Changing the Transmit Rate on the router allows the device to work at a specific speed for wireless transmissions. The default Transmit Rate is Auto with a range of 1 to 54 Mbps.
The rate of data transmission should be set depending on the speed of your wireless network. You can select from a range of transmission speeds or keep the default setting, Auto. This will allow the router to automatically use the fastest possible data rate and enable the Auto-Fallback feature, which will negotiate the best possible connection speed between the router and a wireless client.
NOTE: If the transmit rate on the router or the adapter is not set to Auto, the Auto-Fallback feature will be disabled. If the Auto-Fallback is disabled, you will not be able to experience the maximum range of the wireless router as it will not be able to adapt to the environment’s condition.
If after checking all this settings and still experience low speeds we strongly recommed that you contact your OEM for further assistance.
Aleki, Thank you for your quick response.

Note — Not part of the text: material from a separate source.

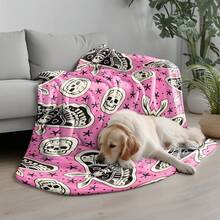 Rosa Schädel- und Mottendruck Überwurf Decke - Hergestellt aus Polyester Fleece, moderne digitale Bedruckung, niedliches Halloween Thema, bequeme Heimdekoration für alle Jahreszeiten, maschinenwaschbar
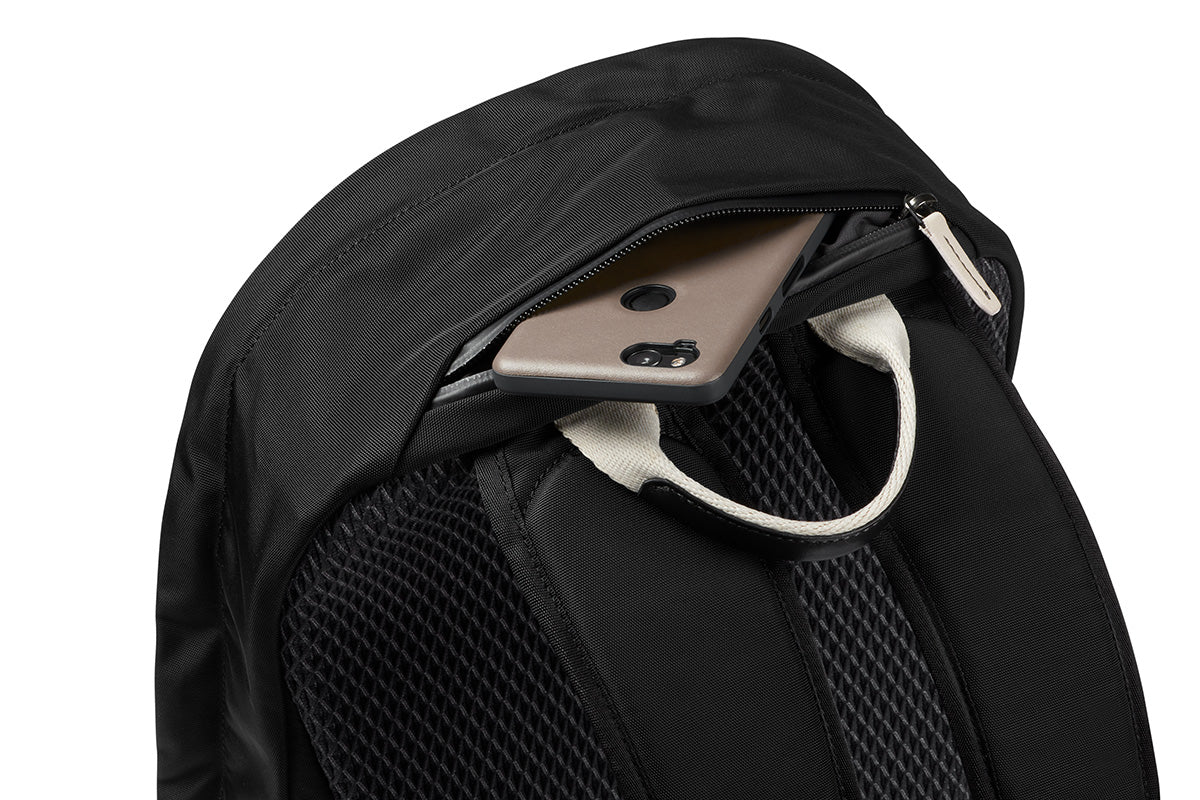 Bellroy Classic Backpack Premium Edition in Black Sand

It is although concerning that Intel doesn't accept this as an Intel adapter problem. I must reiterate that I tried all of the suggestions I found from Intel. None of them help to improve performance. 802.11ac adapters are supposed to be backward compatible to support 802.11n. This one does not support n.
I have no intention to change my router settings since it is performing well supporting N devices. An example is a laptop with an ralink b/g/n adapter that performs well at n speeds. I don't think its good business to design a device and force customers to make all of these changes just to get a device to support the widely used n WiFi community.